Don't Believe Allan Savory's Hype: Cows Will Not Save the Planet

Sierra magazine editor Jason Mark is skeptical about grazing guru Allan Savory.

By Jason Mark

February 27, 2017


Cartoon by Joel Pett

A few years ago, I finally did something I'd wanted to do for a while: I gave up beef. I'll admit that I do still eat meat, but I'm what you could call a conscientious carnivore. I strive to buy pork and chicken only from the folks at the farmers' market, the local sustainable butcher, or ranches that have Animal Welfare Approved certification. But given what I know about global climate change, and given what I know about ruminants' penchant for spewing heat-trapping methane, I couldn't justify the steak any longer. (Yes, vegans, I hear you. For my take on the ecological ethics of meat-eating, there's more online at

I hadn't been off the beef bandwagon long when I learned about the work of an iconoclastic rancher named Allan Savory, whose techniques of "holistic management" have become fashionable among sustainable agriculture folks. He claims that cows can actually be beneficial if they stimulate soil microbes that can sequester carbon. This sounded like an incredible win-win, and it made me reconsider my no-beef pledge. Perhaps we could have our planet and eat it, too.

There's just one major problem with Savory's pitch: It doesn't pass the sniff test. For this issue's cover story (page 34), rangelands writer Christopher Ketcham went deep into Savory's ideas and found them to be unsubstantiated. Grasslands experts and agroecologists are baffled by many of his notions. "We find all of Mr. Savory's major claims to be unfounded," a 2013 report in the journal of the Society for Range Management concluded.

Undaunted—to say nothing of unembarrassed—by his lack of replicable evidence, Savory travels the world giving talks and trumpeting his bold philosophy.
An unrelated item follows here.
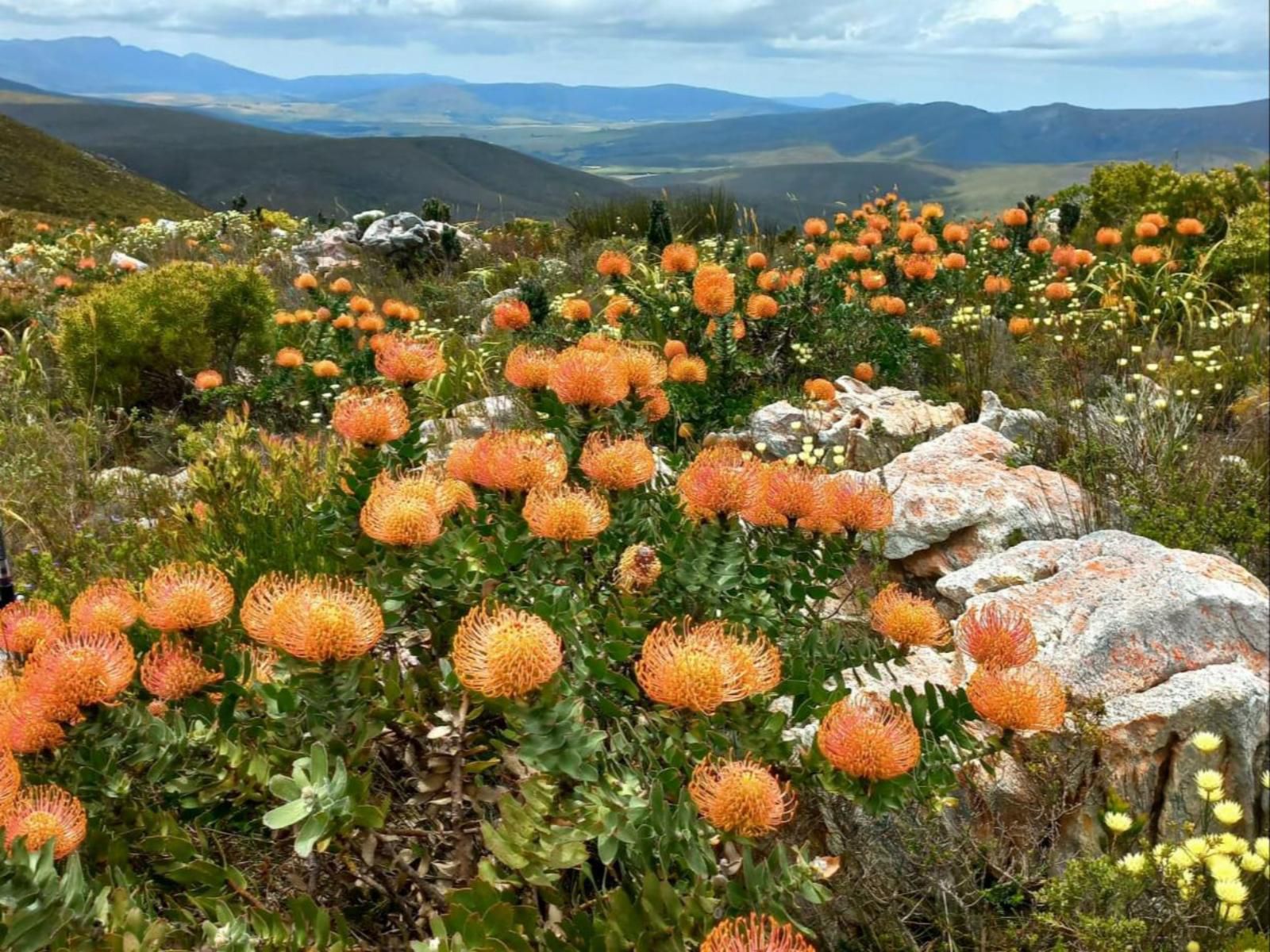 Witkrans Farm And Cottages, Cactus, Plant, Nature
During a spring 2015 symposium at an organic farm in Northern California, I heard him say, referring to his idea that we must add millions of cattle to the landscape, "We have only one option. There is not another alternative, OK? Many scientists got angry with me when I put that in my TED Talk. Well, now I put it in bold."

To borrow, and twist, a line from George H.W. Bush, this is voodoo agronomics. If no one was listening, Savory's unsupported theory would be little more than wishful thinking. Considering the following and influence that he's built up, it's more like political malpractice.

Until someone conclusively proves that any benefits cattle hooves might have for the soil can offset a bovine's naturally gassy state, I'm going to stick by my original commitment. I'm going to keep beef off my plate.

This article appeared in the March/April 2017 edition with the headline "Voodoo Agronomics."